Cuando Cavallo introdujo la convertibilidad, tanto los habitantes del país como los operadores de los mercados internacionales preveían que la Argentina, por fin libre de la inflación crónica, emprendería un proceso de crecimiento sostenido que le permitiría cerrar la brecha que la separaba de los países más ricos. ¿Era una ilusión? En la actualidad, la mayoría contestaría que sí, pero de reanudarse el crecimiento en los próximos meses las opiniones cambiarían aunque, por fortuna, no sería demasiado probable que el país reincidiera en el optimismo candoroso de los primeros años del menemismo. Si la larga crisis que se inició en vísperas de la primera reelección de Menem nos ha enseñado algo, esto es que no sirve para mucho armar un «modelo» para entonces dedicarse a cosechar los beneficios políticos y comerciales que podría generar. Siempre será necesario ya «profundizarlo», ya cambiar ciertas características, porque en nuestros días las economías son esencialmente dinámicas y lo que funciona muy bien un año puede resultar inútil o contraproducente el siguiente. Asimismo, en los buenos tiempos es forzoso prepararse para hacer frente a circunstancias desfavorables. En el lustro final del siglo pasado, los gobernantes parecieron creer que el clima internacional continuaría siendo propicio para los «mercados emergentes» de manera que a la Argentina siempre le resultaría fácil atraer inversiones extranjeras. Se equivocaron, claro está: mal que nos pese, el mundo seguirá haciéndose cada vez más exigente y, les guste o no a los comprometidos con el facilismo, no nos queda otra alternativa tolerable que la de aceptar con entusiasmo el desafío así planteado.
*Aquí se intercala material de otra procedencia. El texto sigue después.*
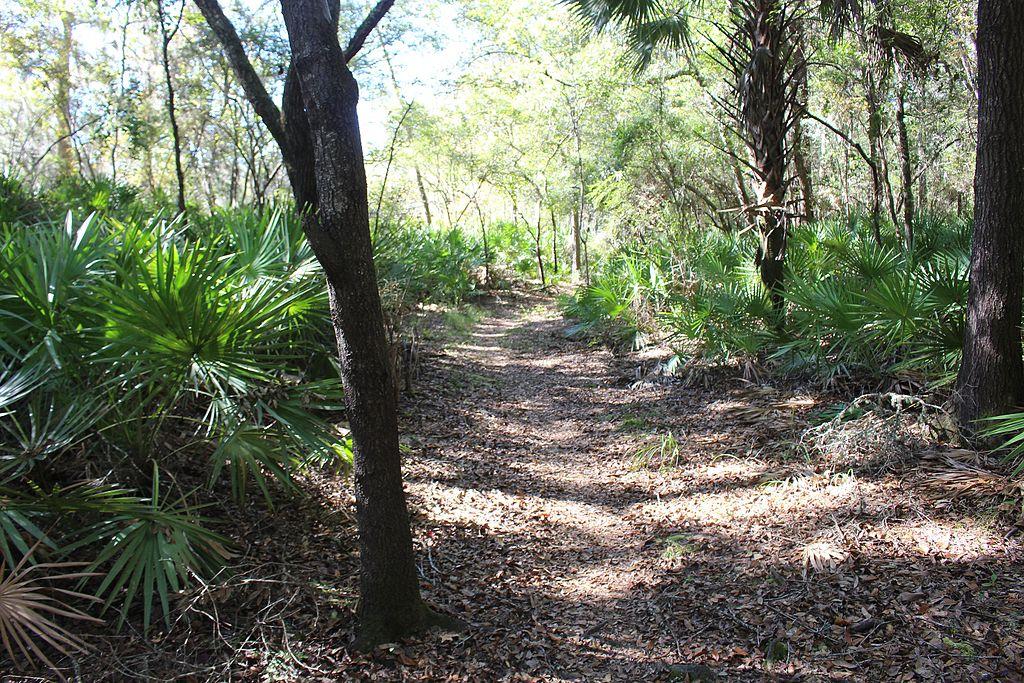 A dappled sunlight path winds through a dense forest with palmetto plants.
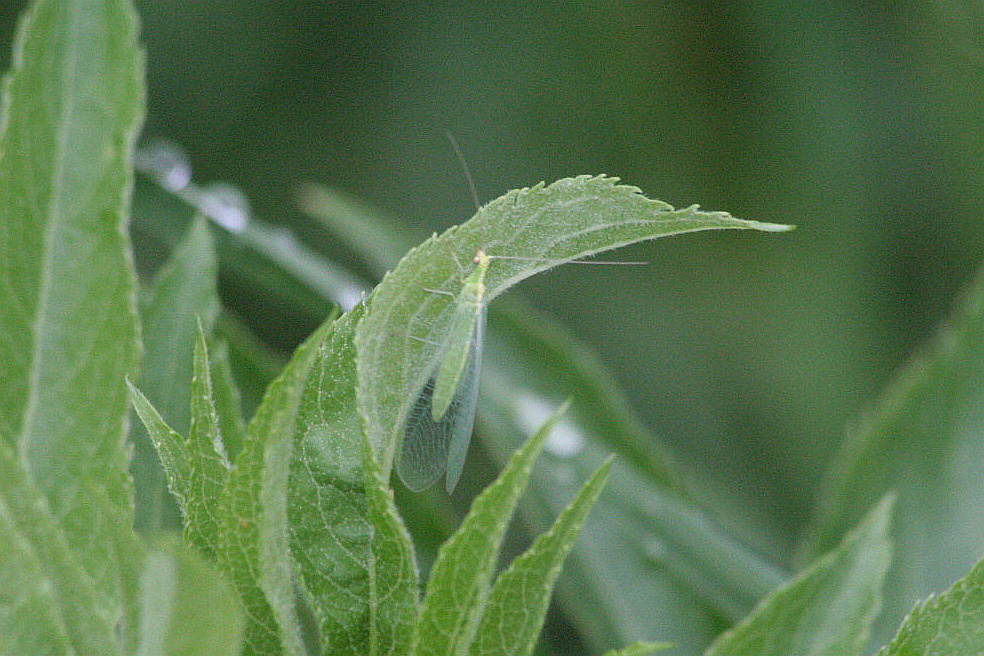Chrysoperla sp.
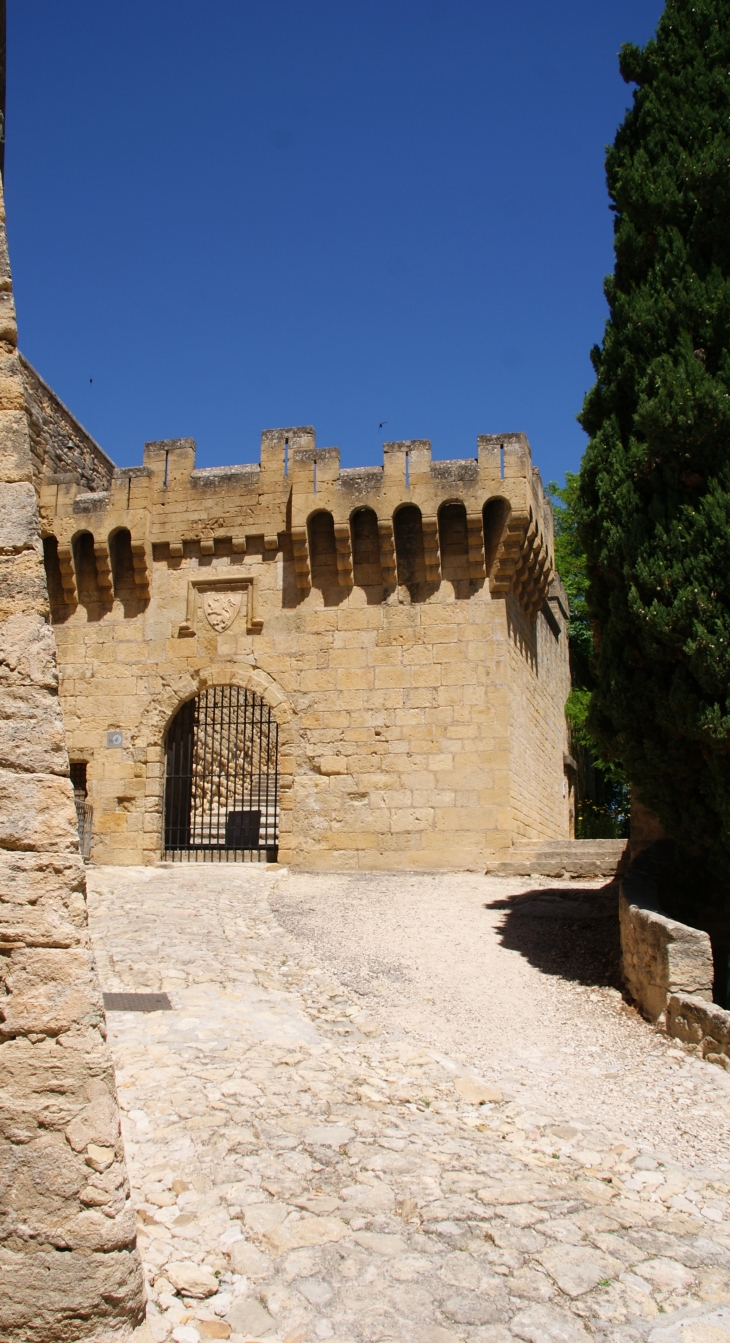    Château D'Ansouis 12 Em Siècle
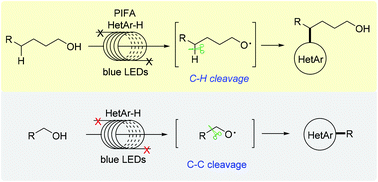Graphical abstract: Metal-free photo-induced heteroarylations of C–H and C–C bonds of alcohols by flow chemistry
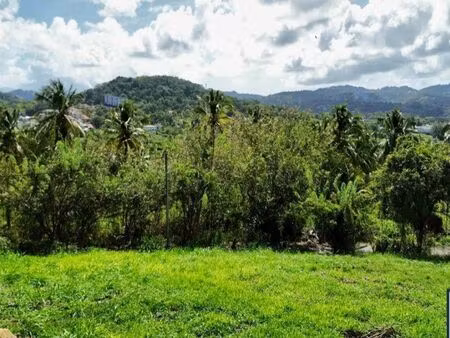 beau terrain à ducos_affaire à saisir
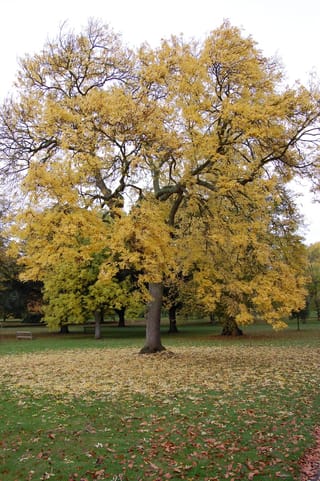 Fraxinus excelsior 'Aurea' (European Ash) in autumn, a broad tree with golden-yellow foliage, fallen leaves scattered across park lawn.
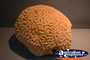 Brain Coral . . . CLICK TO ENLARGE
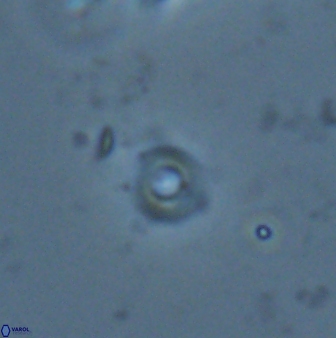 Tenebrislaminam jafari 26833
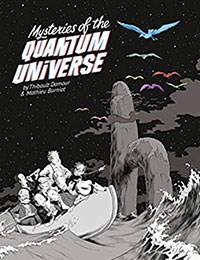 Mysteries of the Quantum Universe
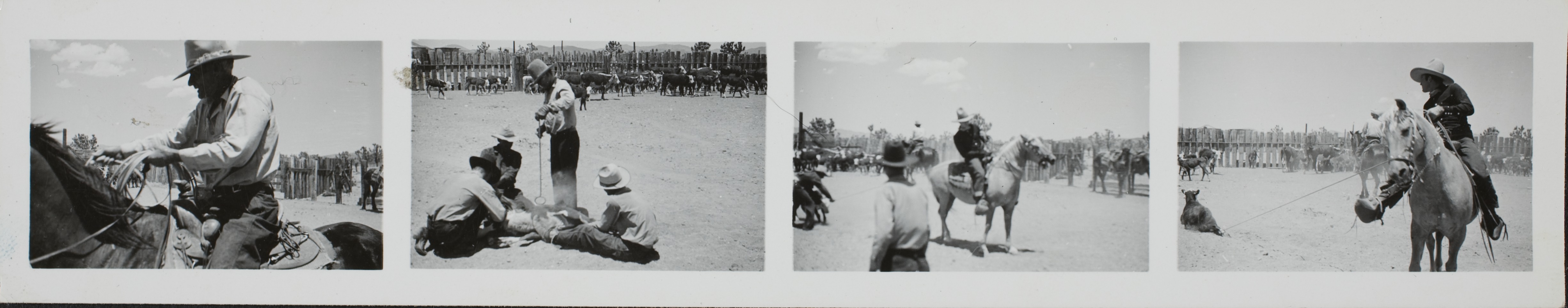 Rex Bell and cowboys with horses and cattle at Walking Box Ranch, Nevada: photographic print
Los optimistas, encabezados por Domingo Cavallo, juran que la introducción de una tasa de cambio especial para los exportadores, lo que en su jerga particular denomina un "factor de empalme", no significa el comienzo del fin de la convertibilidad, pero por ahora los pesimistas, convencidos de que la Argentina está por alejarse del esquema que le ha dado diez años de estabilidad monetaria, han logrado imponer su punto de vista, de ahí la cotización de 1,25 del dólar futuro. De más está decir que el resultado de esta polémica se verá determinado por lo que suceda en el país en el curso de los próximos meses. Si la economía logra "reactivarse", podrá convivir con el uno a uno sin dificultades. De prolongarse mucho más la recesión, empero, se producirá una devaluación traumática porque el resto del mundo decidirá que la Argentina es decididamente más pobre de lo que indican las cifras, desgracia que algunos festejarían por considerarla evidencia del fracaso del "modelo", actitud que tendría su lógica si tuvieran en mente otro más promisorio pero que, en su ausencia, podría atribuirse al masoquismo de los emotivamente comprometidos con el pasado.